##### RECORDS FOR THE EXERCISE #####

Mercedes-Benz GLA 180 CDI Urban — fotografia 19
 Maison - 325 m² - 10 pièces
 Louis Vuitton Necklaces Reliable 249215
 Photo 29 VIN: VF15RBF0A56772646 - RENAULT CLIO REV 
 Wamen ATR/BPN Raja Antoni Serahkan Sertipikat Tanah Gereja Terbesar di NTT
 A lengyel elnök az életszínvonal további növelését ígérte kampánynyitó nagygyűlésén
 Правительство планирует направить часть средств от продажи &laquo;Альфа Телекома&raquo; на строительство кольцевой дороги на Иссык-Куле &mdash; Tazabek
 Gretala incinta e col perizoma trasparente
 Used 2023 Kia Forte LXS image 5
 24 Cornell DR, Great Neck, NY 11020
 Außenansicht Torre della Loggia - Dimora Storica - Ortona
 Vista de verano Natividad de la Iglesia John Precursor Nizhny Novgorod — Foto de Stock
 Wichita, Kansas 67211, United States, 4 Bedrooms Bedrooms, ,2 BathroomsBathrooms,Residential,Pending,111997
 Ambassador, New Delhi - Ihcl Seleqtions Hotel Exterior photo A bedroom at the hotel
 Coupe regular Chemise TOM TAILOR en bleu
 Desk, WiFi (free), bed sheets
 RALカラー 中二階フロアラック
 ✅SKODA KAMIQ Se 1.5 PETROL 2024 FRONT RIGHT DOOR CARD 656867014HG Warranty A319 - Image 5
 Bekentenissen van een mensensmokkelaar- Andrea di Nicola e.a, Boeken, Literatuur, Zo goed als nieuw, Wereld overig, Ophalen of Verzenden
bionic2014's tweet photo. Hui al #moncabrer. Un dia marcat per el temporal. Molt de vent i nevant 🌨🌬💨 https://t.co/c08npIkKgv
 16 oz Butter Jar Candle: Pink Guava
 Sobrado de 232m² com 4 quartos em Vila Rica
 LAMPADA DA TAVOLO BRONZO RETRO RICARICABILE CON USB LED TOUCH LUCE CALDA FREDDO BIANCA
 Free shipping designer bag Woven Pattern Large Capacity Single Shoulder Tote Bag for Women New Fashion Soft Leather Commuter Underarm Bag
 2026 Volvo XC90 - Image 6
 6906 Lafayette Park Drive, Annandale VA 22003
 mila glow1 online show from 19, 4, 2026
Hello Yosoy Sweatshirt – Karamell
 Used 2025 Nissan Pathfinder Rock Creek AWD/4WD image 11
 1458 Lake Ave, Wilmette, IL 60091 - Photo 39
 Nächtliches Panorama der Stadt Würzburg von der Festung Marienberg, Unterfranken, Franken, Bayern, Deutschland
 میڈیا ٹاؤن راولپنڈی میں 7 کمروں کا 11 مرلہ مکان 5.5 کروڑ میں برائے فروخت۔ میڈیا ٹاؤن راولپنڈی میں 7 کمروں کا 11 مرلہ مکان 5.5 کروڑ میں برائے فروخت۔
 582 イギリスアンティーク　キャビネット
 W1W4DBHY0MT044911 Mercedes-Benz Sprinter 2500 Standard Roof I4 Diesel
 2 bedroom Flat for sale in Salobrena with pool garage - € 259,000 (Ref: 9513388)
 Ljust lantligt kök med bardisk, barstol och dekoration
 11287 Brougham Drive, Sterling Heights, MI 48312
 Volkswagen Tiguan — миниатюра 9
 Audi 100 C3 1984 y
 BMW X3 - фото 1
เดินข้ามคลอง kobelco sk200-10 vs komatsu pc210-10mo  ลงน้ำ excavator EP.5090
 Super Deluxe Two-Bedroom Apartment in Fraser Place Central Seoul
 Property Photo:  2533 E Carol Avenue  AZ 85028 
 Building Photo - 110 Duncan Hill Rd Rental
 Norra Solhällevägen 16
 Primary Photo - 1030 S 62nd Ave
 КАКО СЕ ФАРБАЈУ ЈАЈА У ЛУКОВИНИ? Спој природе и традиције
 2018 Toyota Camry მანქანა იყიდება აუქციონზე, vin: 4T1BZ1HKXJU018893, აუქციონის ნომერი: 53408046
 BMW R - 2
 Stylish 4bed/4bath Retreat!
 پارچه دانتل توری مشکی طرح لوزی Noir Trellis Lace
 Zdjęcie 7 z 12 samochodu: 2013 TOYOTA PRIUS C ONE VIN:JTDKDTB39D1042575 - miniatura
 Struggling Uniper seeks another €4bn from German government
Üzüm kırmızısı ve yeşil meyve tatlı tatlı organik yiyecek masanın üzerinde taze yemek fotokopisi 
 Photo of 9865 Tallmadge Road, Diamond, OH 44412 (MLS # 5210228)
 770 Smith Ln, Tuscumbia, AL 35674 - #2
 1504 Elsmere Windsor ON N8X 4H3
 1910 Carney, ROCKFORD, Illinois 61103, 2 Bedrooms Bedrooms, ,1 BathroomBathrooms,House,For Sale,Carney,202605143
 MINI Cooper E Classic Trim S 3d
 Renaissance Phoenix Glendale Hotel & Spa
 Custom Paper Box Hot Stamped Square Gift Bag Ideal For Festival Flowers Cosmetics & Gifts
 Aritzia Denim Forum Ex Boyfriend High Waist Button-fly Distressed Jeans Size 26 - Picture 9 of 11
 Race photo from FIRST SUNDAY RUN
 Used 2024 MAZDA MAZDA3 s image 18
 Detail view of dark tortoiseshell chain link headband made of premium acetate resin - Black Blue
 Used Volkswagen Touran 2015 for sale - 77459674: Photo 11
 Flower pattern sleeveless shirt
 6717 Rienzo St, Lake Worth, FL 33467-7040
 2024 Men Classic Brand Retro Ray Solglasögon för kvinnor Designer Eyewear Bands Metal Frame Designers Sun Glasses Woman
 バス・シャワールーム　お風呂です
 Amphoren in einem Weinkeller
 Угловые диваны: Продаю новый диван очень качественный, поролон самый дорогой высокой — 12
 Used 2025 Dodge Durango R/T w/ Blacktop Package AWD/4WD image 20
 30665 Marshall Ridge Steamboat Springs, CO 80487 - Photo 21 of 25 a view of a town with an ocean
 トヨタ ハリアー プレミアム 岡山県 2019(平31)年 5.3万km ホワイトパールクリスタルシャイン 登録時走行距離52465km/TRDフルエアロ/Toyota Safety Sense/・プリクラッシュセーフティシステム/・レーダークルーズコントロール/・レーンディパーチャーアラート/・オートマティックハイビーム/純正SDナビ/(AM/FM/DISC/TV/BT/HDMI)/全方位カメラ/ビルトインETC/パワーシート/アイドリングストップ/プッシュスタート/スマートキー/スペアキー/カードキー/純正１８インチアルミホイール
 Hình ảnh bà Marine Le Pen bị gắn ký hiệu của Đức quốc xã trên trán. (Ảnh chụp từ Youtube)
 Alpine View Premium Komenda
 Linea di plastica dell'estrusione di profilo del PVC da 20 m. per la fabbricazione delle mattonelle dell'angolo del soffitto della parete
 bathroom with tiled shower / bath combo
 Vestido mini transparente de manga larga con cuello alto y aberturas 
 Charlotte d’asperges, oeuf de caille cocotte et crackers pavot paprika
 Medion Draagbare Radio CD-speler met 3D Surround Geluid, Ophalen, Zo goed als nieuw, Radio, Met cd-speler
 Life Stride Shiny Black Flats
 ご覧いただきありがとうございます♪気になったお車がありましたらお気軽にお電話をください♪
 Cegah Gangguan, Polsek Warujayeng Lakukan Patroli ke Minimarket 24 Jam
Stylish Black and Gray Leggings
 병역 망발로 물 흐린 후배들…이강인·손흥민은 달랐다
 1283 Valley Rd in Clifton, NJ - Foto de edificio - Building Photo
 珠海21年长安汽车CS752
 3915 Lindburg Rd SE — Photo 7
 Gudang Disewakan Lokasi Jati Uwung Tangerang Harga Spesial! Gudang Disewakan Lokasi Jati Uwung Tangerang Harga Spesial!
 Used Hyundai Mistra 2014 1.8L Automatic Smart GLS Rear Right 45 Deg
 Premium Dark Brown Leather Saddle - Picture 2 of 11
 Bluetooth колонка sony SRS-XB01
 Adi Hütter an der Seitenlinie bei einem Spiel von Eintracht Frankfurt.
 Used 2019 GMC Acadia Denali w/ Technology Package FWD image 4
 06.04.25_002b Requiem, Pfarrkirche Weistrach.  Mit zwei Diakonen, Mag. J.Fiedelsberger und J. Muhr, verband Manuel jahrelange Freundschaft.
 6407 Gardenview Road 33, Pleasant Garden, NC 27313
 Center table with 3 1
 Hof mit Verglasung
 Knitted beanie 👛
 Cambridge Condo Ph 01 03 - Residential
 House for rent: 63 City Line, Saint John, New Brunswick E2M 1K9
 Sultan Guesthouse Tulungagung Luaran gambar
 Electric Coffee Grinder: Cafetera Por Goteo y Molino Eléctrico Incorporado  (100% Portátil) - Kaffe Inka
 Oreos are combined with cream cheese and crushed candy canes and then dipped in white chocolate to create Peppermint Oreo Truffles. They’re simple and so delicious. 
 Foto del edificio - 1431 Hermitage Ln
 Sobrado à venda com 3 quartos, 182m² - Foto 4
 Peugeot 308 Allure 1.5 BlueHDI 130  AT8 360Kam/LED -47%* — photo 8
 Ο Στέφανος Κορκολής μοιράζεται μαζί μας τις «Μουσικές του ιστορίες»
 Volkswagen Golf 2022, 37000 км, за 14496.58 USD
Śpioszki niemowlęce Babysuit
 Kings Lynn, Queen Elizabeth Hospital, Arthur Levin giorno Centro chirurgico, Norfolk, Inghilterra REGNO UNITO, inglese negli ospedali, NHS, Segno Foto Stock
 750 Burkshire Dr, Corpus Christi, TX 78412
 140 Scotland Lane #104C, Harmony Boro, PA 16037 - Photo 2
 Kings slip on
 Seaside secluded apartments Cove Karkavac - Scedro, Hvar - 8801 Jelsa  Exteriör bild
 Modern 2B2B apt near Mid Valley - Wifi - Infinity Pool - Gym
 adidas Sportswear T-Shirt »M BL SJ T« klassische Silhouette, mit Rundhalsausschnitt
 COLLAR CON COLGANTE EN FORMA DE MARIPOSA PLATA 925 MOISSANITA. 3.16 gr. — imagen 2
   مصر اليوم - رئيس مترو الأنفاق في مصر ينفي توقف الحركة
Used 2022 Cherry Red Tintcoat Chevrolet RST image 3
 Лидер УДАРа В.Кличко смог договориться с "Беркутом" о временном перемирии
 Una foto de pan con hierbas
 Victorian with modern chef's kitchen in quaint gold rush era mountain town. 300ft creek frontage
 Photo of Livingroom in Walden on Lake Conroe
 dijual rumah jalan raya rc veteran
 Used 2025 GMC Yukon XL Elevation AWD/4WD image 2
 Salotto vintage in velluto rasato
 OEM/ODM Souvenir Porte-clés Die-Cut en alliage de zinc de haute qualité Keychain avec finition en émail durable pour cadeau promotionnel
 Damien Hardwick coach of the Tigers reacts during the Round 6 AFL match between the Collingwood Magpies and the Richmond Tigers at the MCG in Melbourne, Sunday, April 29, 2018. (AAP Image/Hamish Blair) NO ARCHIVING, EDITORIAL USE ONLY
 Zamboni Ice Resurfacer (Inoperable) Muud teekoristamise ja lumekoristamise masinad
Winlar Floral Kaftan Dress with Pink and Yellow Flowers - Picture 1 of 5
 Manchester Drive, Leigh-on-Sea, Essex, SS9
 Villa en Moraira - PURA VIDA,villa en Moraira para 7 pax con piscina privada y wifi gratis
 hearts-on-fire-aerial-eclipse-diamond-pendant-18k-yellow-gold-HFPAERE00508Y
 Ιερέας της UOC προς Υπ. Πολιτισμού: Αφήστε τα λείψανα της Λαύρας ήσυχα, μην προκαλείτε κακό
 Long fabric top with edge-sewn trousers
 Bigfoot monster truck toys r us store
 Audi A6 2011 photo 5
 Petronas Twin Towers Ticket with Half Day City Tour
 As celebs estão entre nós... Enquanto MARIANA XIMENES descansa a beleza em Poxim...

#####

§ **REQUIRED ACTION**
Within the listing, how many lines hold the string "nieuw"? State that number alone.

§ **OUTPUT BELOW**
2